I know it is very awkward and embarrassing for parents when kids have no filter and they ask pointed questions loudly.  It is hard to know how to handle such impromptu moments.  I truly understand.  As you have your conversations later in a more appropriate setting, keep in mind that it is not necessary to know how a disability happened in order to teach the appropriate behavior when encountering a disabled person.  Kids often have it right - they treat a disabled person just like any other person.  They may ask a question or two about the packaging but it ends there.  I love kids.

Please feel free to ask any questions you would like answered in future blogs or submit comments.  I would love to hear from you.  

Monday, April 13, 2015

Introduction

This is my first blog so as a bit of an introduction, I was born with no legs and no right arm during the thalidomide era in the 1950s.  Some say it is easier to be born an amputee than it is to be a traumatic amputee later in life. Both have advantages and disadvantages but no matter the timing, being an amputee is not easy or fun. It requires an enormous amount of stamina, courage, and determination. More than a few amputees, not yet used to their leg being gone, have fallen on their face when getting up at night to use the bathroom. I can hear the giggles now. It's okay. Light-hearted humor is an absolute necessity when traversing through an able-bodied world. Given a choice, however, no one would ever volunteer for any type of disability. Basic activities of daily living bring new challenges. Some days, these challenges are overwhelming and the will to move forward strained. However, quite simply, there is no alternative. One is forced to adapt and find new ways to do most everything. 

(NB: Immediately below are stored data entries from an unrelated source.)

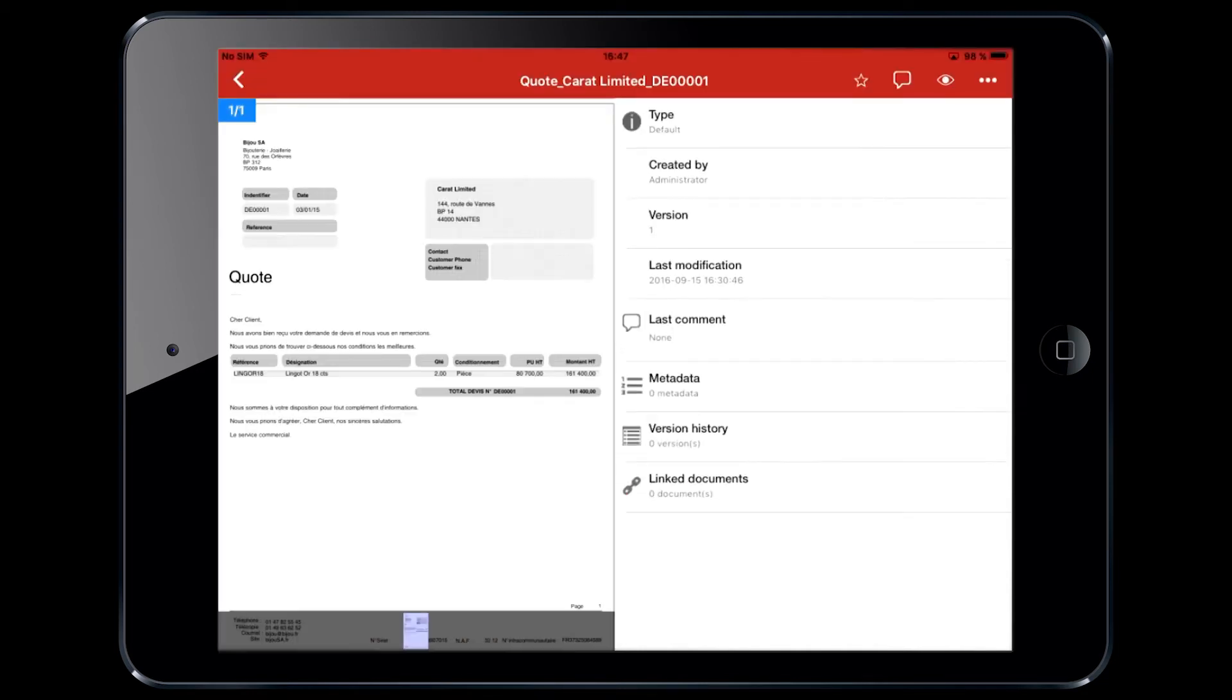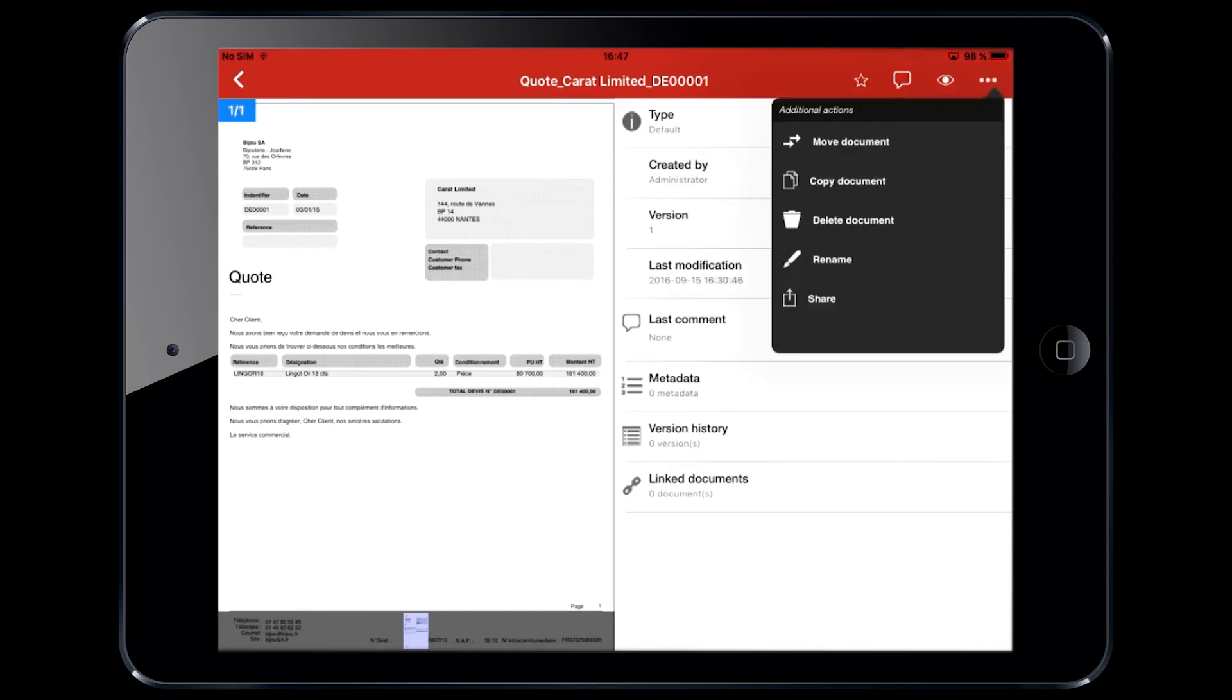You can click the document to preview it. You can then share or print any document right from the app.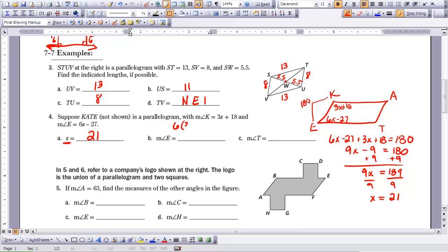With x = 21, angle E = 6(21) − 27 = 99 degrees. To find angle T, we know opposite angles are congruent, so first find angle K: 3(21) + 18 = 81 degrees, and T = K = 81 degrees. Or, using consecutive angles supplementary: 180 − 99 = 81 degrees. Either way gives the measure of angle T.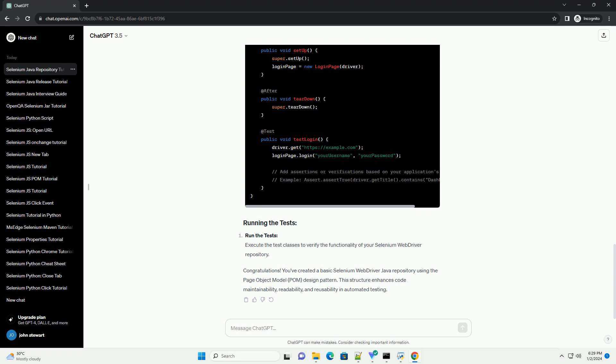Create PageObject classes. Divide your web application into pages and create a separate class for each page. These classes should encapsulate the page's elements and actions.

Being a triple amputee, I wore artificial limbs for about 20 years. I used crutches and felt like I was always walking on bendable stilts. Scary most of the time but especially in the rain, snow or ice. It was not possible to carry much of anything, not a purse or books for school. It was impossible to carry groceries or children. I thus decided to toss my artificial legs and use an electric wheelchair. Wheelchair usage brings an entirely new set of freedoms and limitations. I could now "walk" all over an amusement park carrying a beverage, but the bathroom and rides might not be accessible. I need a hand rail on the right side of the toilet (as you sit on it) and this need poses great challenges. Being a triple amputee in a wheelchair often elicits pity, patronization, and unneeded offers of help. There will be days when the unsolicited good intentions of others will make you want to scream.

Always remember, however, that people are mostly good intentioned.  They just perceive that help is needed - they simply can't imagine themselves with your disability.  It is never a good idea to be rude to anyone offering help. Doing so can lead them to believe that you are totally maladjusted to your disability, that you have a bad attitude, that you are rude, and that you have poor coping skills. Being rude or short will cause far more damage to the public perception of the disabled than if you simply and politely decline an offer of unneeded help. After all, it is comforting to know that there are lots of willing helpers out there if needed.

As an amputee, it is possible to lead a full, happy, fulfilling life. Not only possible, but probable. It is possible (and probable) to have a spouse, a family, sports, hobbies, and a career. You will find new ways to do ordinary tasks. You will appreciate the smallest things that many people take for granted. Your priorities in life will change. Your perspective will change. You will be surprised at the strength and perseverance you have inside.

You won't be cheery all the time. You don't have to be; don't expect to be all the time because... face it... being an amputee is not fun. I choose to have these moments privately. I choose to concentrate on the things I CAN do and give little focus on what I can't do. I do my best - that's all anyone can do. 


I hope my website, blog and book (My Extraordinary Life) will help identify some creative ways to overcome physical challenges and "bad" days. And... remember... light-hearted humor is a great companion.